Australian Aboriginal Traditional Boomerang

Item TB181   

This Item was Sold on 27 November 2009 for $46

Similar artifacts for sale are often found on the Aboriginal Boomerangs web page. 

Historical Pricing information for this item and similar artifacts can be found at: Historical Artifact Prices.

This returning style Australian Aboriginal boomerang was probably made in the 1950s or 1960s. It has the Queensland Aboriginal art seal that was applied to some of the better natural elbows made during that period. The wood is a very nice piece of Black Wattle. Properly made out of a natural elbow with the grain running along the length of the blades. The tips are painted with Aboriginal art. The elbow has an Emu painted across the bend. This is probably not a good returner, but it is properly made. It would be best to display it, rather than throw it. There is no damage to the wood, but there is light wear on the paint. It also has a rather narrow dingle arm, but this is intentional and not the result of damage. Span = 41 cm ; Weight = 114 gm

Australian Aborigines are well known for making boomerangs.

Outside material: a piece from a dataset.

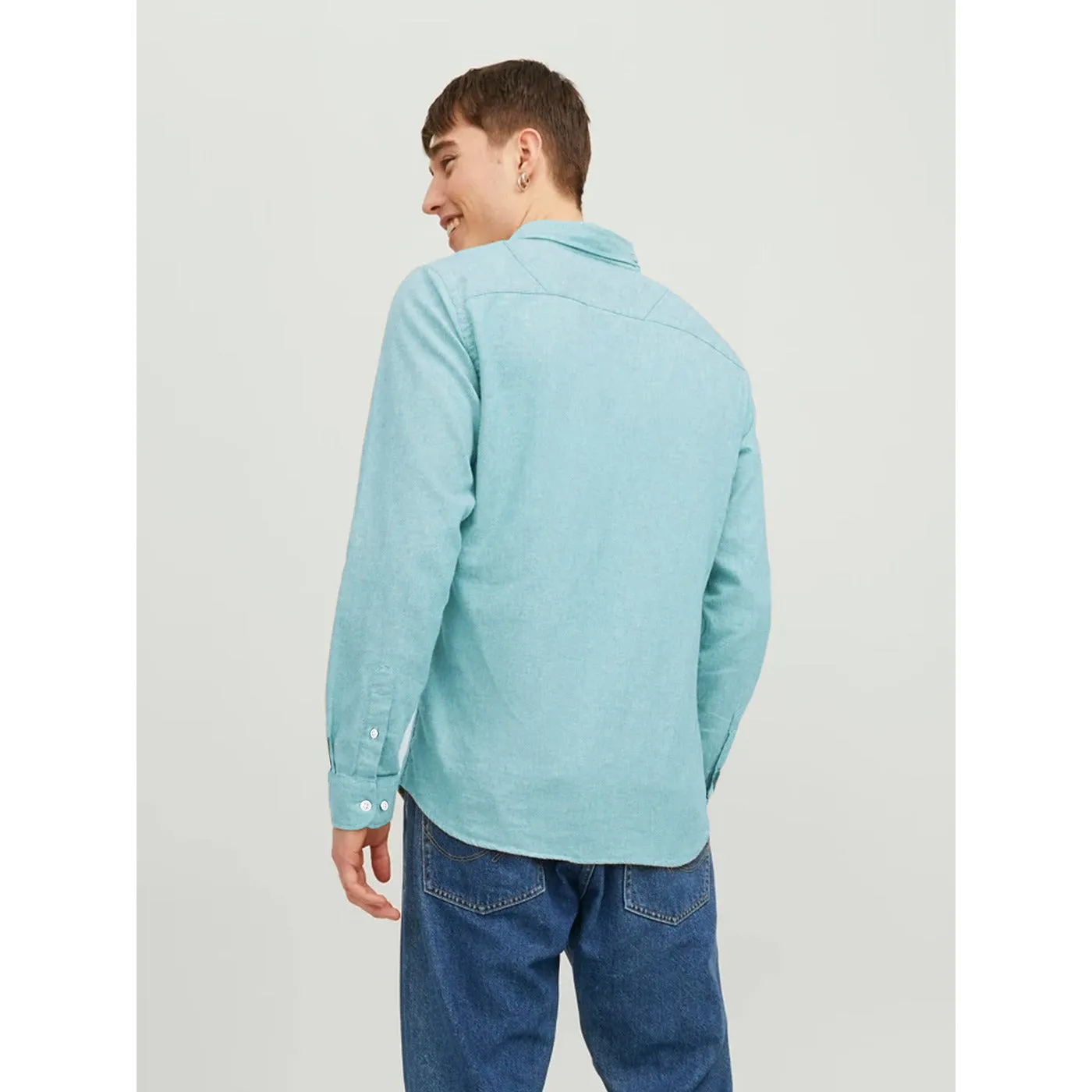 JJ Cyan Blue Slim Fit Shirt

The majority of the Aborigines had the technology to make throwsticks, or non-returning boomerangs. Only a small percentage of the tribal groups knew how to make true returners and most of these came from the eastern coastal regions of Queensland, New South Wales and Victoria. During the past century, the majority of the Aborigines came out of the bush and were somewhat assimilated into the European man's culture. Many Aborigines began making returning style boomerangs to sell to tourists. The earliest ones were well made out of natural timber and with the grain following the curvature of the boomerang. Today, most hardwood boomerang are cut out of a large board and the grain is usually straight and running parallel to a line spanning the tips of the blades. Boomerangs that are made with the grain following the contour of the blades are much stronger and more valuable. In addition, some boomerangs have good airfoiling. The majority do not. Most "tourist boomerangs" have painted upper surfaces that display Australian animals and decorative lines and/or geometric patterns. Most pre-contact returners have no artwork or the artwork is simple and scratched into the surface. It is easy to tell the tourist boomerang from the valuable ethnographic artifact. However, tourist boomerangs that are made properly with the grain running along the contour and with good airfoiling and art work do have good collectable value, especially if they are made by a famous Aboriginal artists like Bill Onus or Joe Timbery.